S’agissant du point de départ du versement de la NBI, la jurisprudence a pu confirmer que les agents doivent bénéficier de la NBI, y compris rétroactivement, à compter de la date à laquelle leurs fonctions les rendaient éligibles à ce régime indemnitaire.

Que faire en cas de refus d’octroi de la NBI aux psychologues territoriaux exerçant leurs fonctions à titre principal en lien avec les habitants de quartiers prioritaires de la politique de la ville ?

Dans l’hypothèse où la collectivité territoriale employeur refuserait d’octroyer la NBI aux psychologues territoriaux qui exercent leurs fonctions à titre principal en lien avec les habitants de quartiers prioritaires de la politique de la ville, des voies de droit existent pour solliciter le bénéfice de ce régime indemnitaire.

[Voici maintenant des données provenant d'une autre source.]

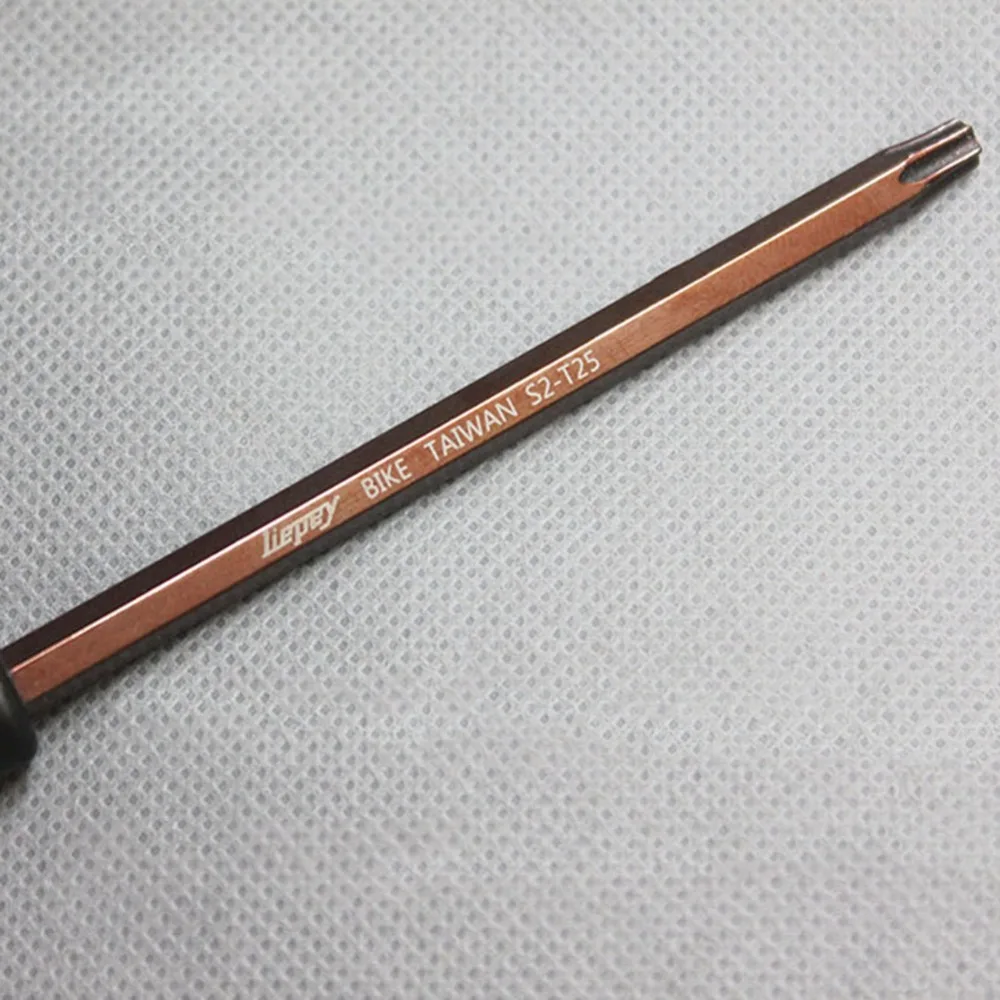 2b4d3434f13a94bc87a8d9d901141e8f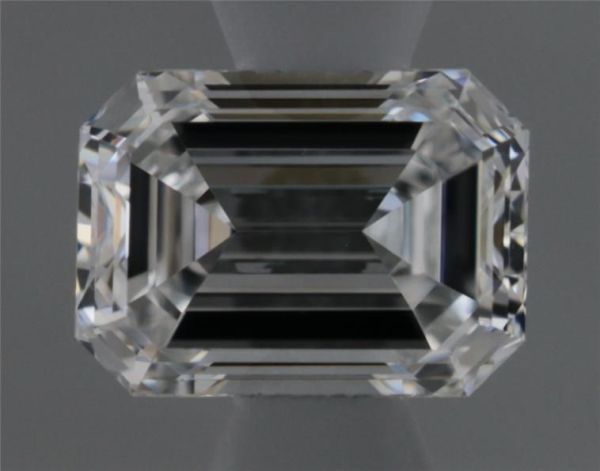 Emerald Diamond image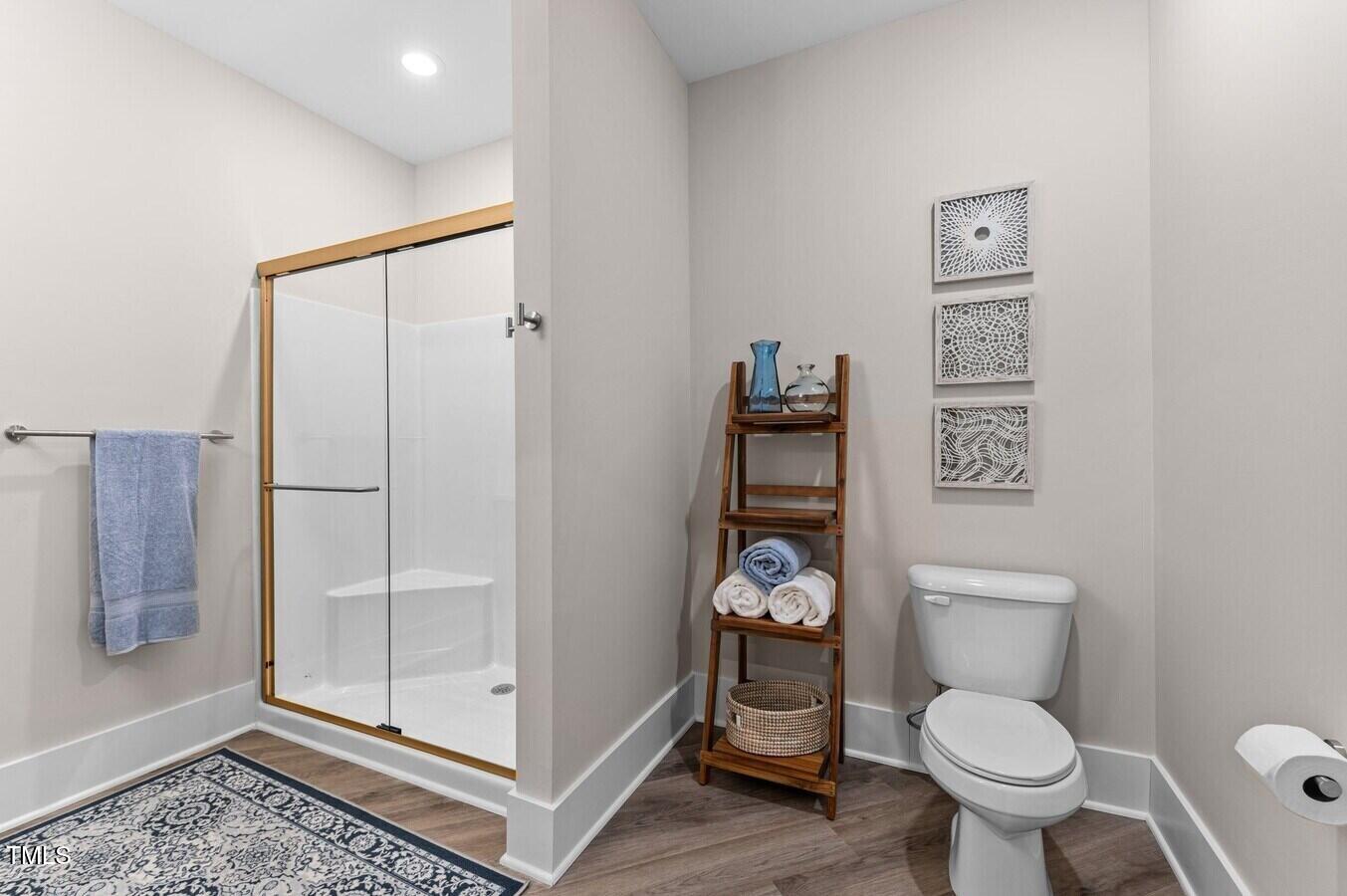 1001 Mulford Court # A2 Property Photo 21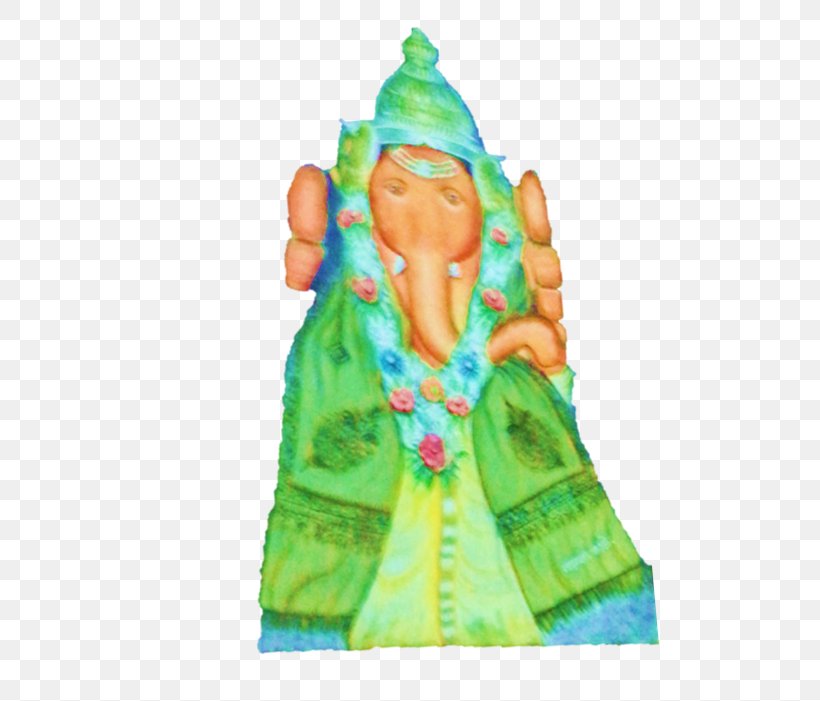 Ganesha Ramayan Stotra Sri, PNG, 559x701px, Ganesha, God, Jai Sri Ram, Krishna, Narada Download Free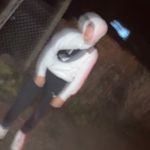 Leon Beck Hughes - @leonbeckhughes - Instagram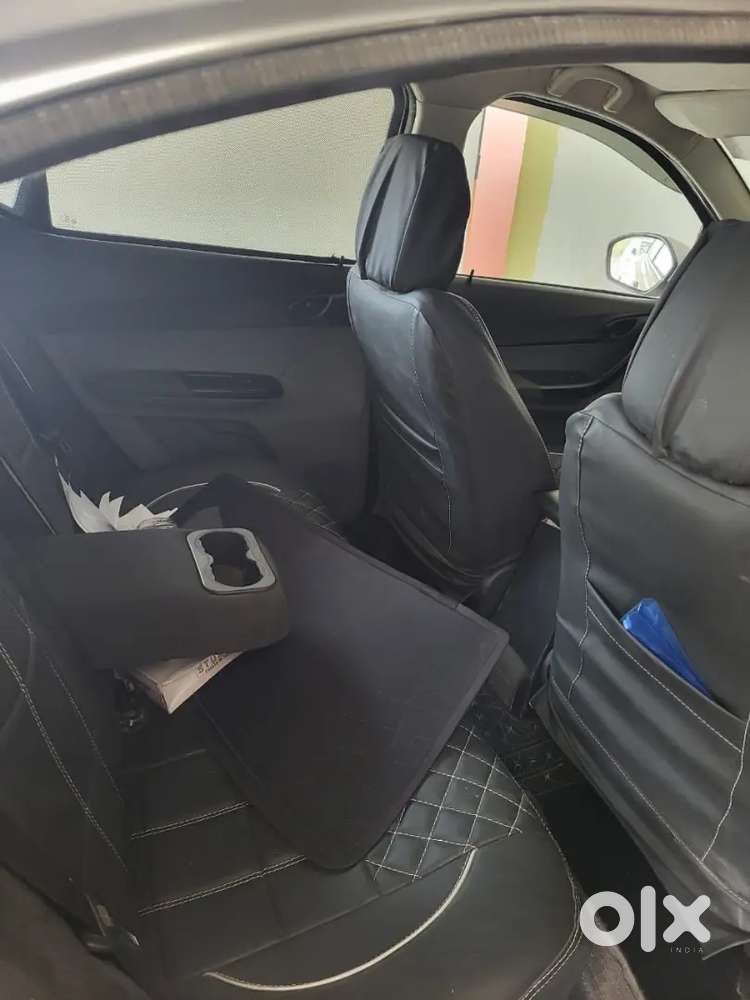 Tata Tigor 2018 Diesel 75000 Km Driven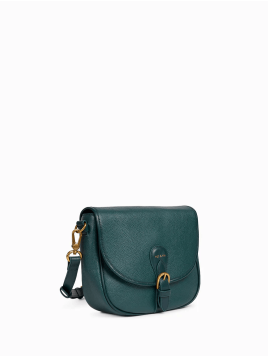 Nat & Nin OLIVIA - CUIR DE VACHETTE FINITI sacs porté épaule olivia Sacs à mains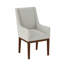 Upholstered Arm Chair-1613397987-1613393937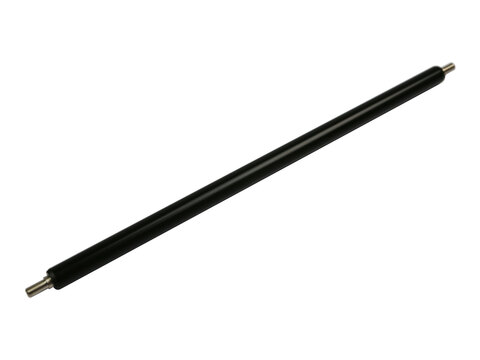 Вал PCR (заряда) CET CET5178 C-EXV32-PCR, C-EXV33-PCR,C-EXV38-PCR, C-EXV39-PCR, C-EXV53-PCR, GPR35-PCR, GPR57-PCR, C-EXV59-PCR ролик заряда - купить в компании MAKtorg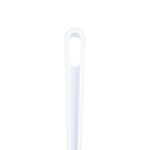 008984-Escova-Vaso-Sanitario-Plastica-Branca-Det-3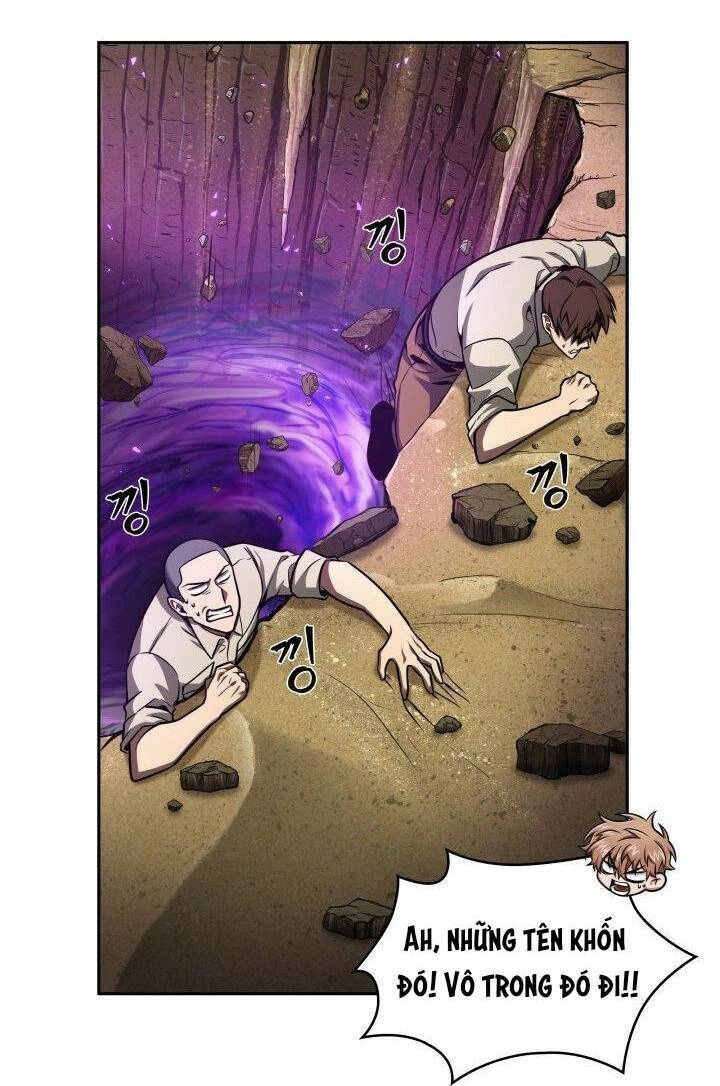 Vua Trộm Mộ Chapter 330 - 46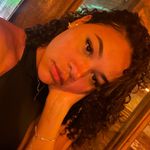 Yasmin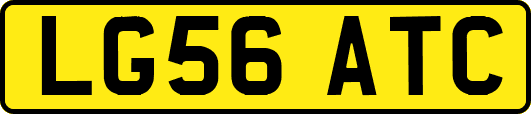 LG56ATC
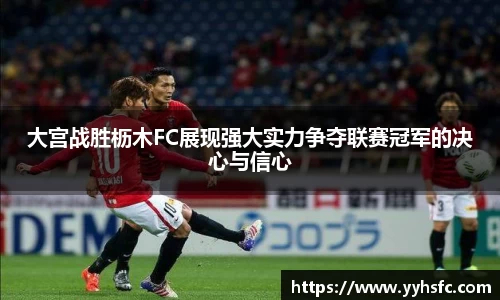 星空电竞app官网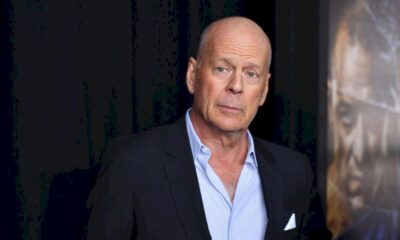 aseguran-que-bruce-willis-ha-perdido-el-habla,-tras-su-diagnostico-de-demencia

En effet, les agents peuvent, le cas échéant, contester le refus d’octroi de la NBI qui leur serait opposé, par l’engagement d’un recours administratif (gracieux ou hiérarchique) auprès de leur administration, ou par la saisine du tribunal administratif territorialement compétent, dans le respect d’un délai de recours de deux mois suivant la notification d’une décision de refus.

L’agent pourra, devant cette juridiction, solliciter l’annulation de la décision par laquelle la Collectivité territoriale lui aura refusé le bénéfice de la NBI, par l’introduction d’une requête au fond.

Il pourra, également, être demandé au Juge d’enjoindre à l’administration d’octroyer le bénéfice de la NBI à l’agent, le cas échéant avec effet rétroactif, si la créance n’est pas prescrite.